Starting a thread here because I found this to be an interesting idea, and wanted to continue discussion asynchronously. This is a potential workaround/alternative to #8 .

In our meeting today, @koengit proposed handling I/O by spawning handler threads waiting for updates on the variable. My understanding of how this works would be as follows. Suppose we have a reference l :: Ref LED (perhaps obtained via some reference factory as @Rewbert proposed), and a writer thread w which writes to the LED:

-- running in w
l <~ LEDOn

A output listener thread o can handle this asynchronously:

-- running in o
wait [l] -- pick up the assignment from w
-- communicate with hardware after wait unblocks

To handle instaneously assignments, o must run at a lower priority to w; otherwise, the write to l would be lost.

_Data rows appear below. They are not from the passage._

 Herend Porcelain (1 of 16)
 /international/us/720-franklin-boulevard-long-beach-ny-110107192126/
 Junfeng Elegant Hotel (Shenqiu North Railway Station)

The concern @sedwards-lab had is that if the priority of o is lower than a process with some expensive (but logically instantenously) computation, the wallclock time at which the handler is invoked may be unnecessarily delayed. So, for instance, consider a busy process b whose priority in relation to w and o is:

w > b > o

w runs first, writing to r and scheduling o to run later. However, it does, the higher priority b executes first and stalls the execution of o, even if b is not at all related to o.

Is this an accurate summary of the idea and the issues we think may arise from it?

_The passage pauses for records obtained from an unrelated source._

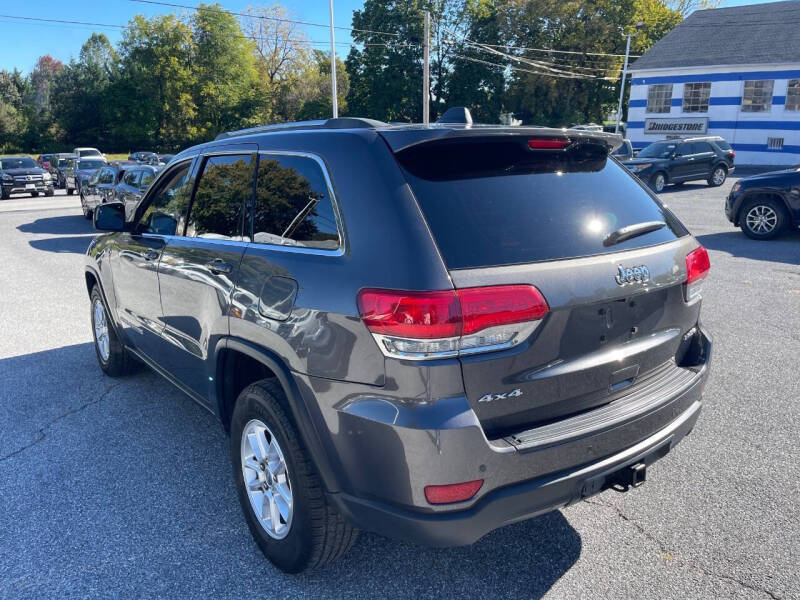 2019 Jeep Grand Cherokee Laredo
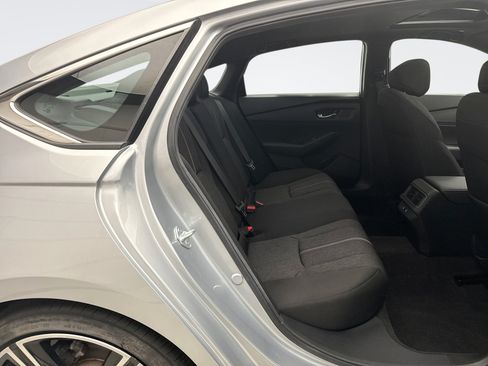 Used 2025 Honda Accord Sport image 19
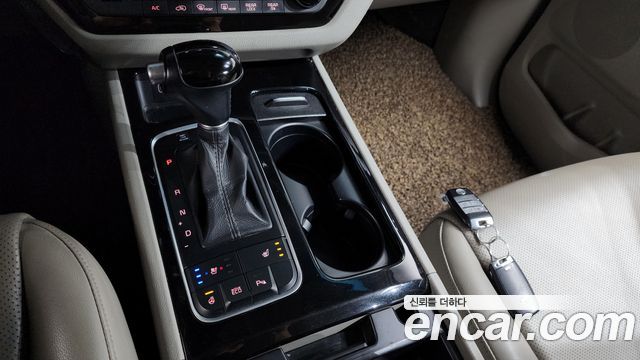 Kia Canival 2015 — photo 9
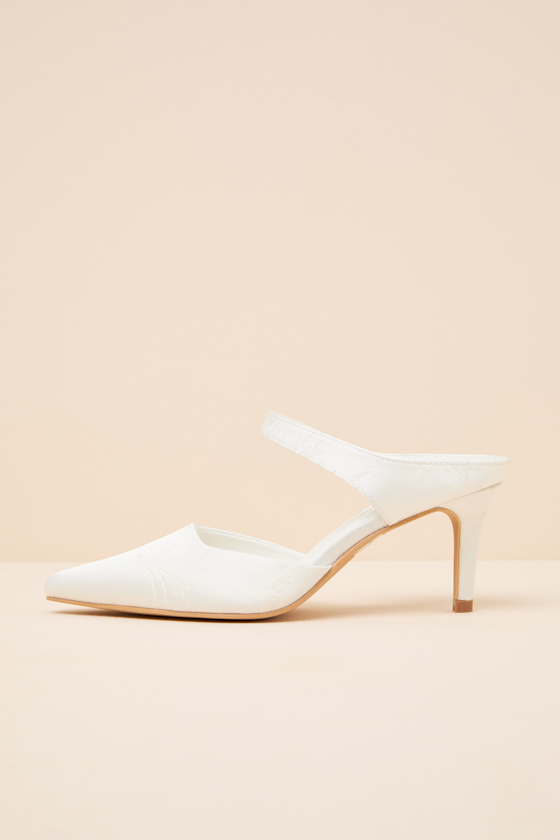 Kalinda Ivory Satin Jacquard Mule Pumps 1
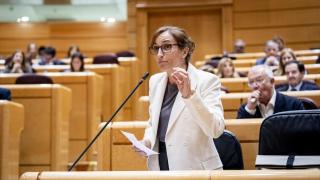 La ministra de Sanidad, Mónica García, interviene durante una sesión plenaria del Senado este martes 4 de noviembre.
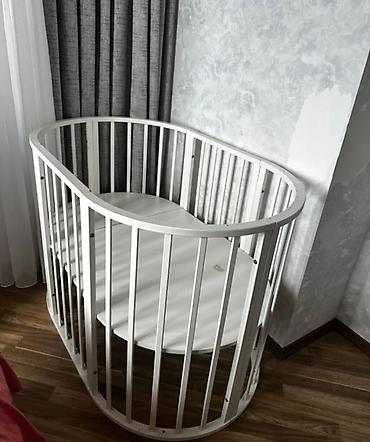 ulduzlu gece: Uşaq beşiyi – oval/yuvarlaq dizayn - Material: bərk ağac və MDF — 2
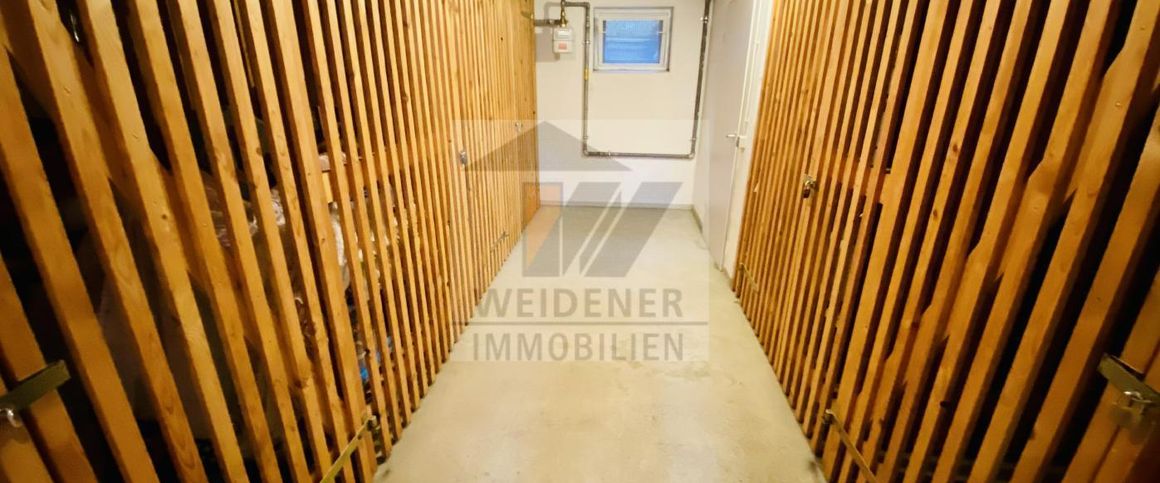 Idyllisch wohnen im Zentrum von Weida! Gemütliche 1 Raum Wohnung mit Dusche. - Photo 1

j-hui commented 3 years ago

For the previous example, one could cast blame on the programmer for arranging the priorities in such a way that confounds the performance of the program, but it does appear we may be able to do better. If b and o are truly independent (process order does not matter), and b isn't also perform direct I/O, we might be able to avoid the latency due to b by scheduling o first.

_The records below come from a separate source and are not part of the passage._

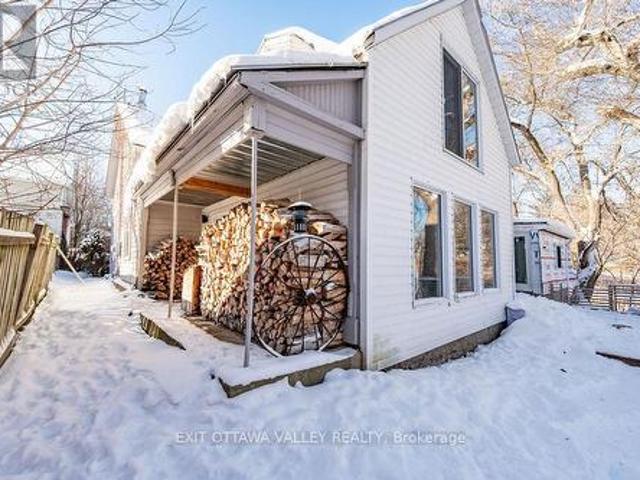 815 Pembroke Street W, Pembroke, ON, K8A 5P5 house for sale | Listing ID X12748 | Royal LePage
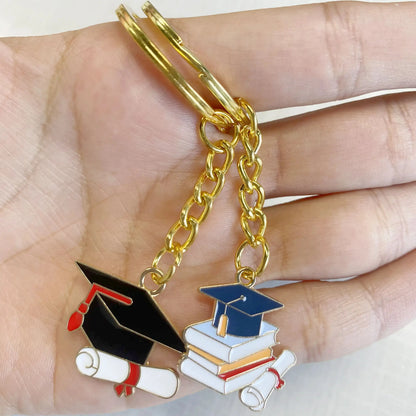 10pcs Class of 2025 Graduation Keychains, Party Favors and Gifts for Him and Her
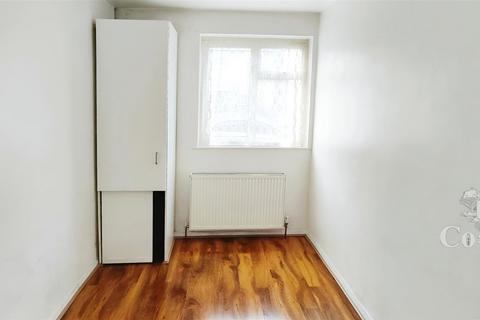 3 bedroom flat to rent, Tillotson Road, London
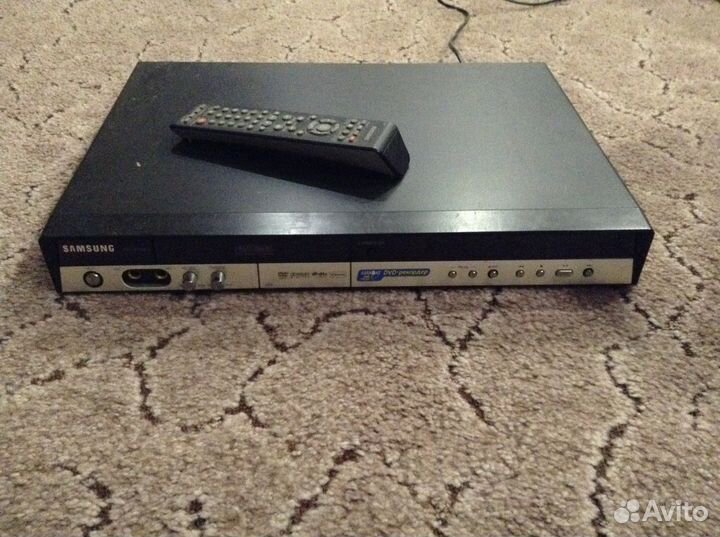 Видеомагнитофон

I'm suggesting this because I had studied some prior work in "time warp" scheduling strategies, which may help us here. In particular, even though the semantics of the language say that processes are totally ordered, I believe we can justify an out-of-order implementation as long as the behavior is functionally equivalent. Just a thought.

j-hui commented 3 years ago

This particular line of discussion hasn't really gone anywhere but the subject will be kept alive in #26 . Closing this, but will summarize that it represents a lazy output implementation (as opposed to a strict one).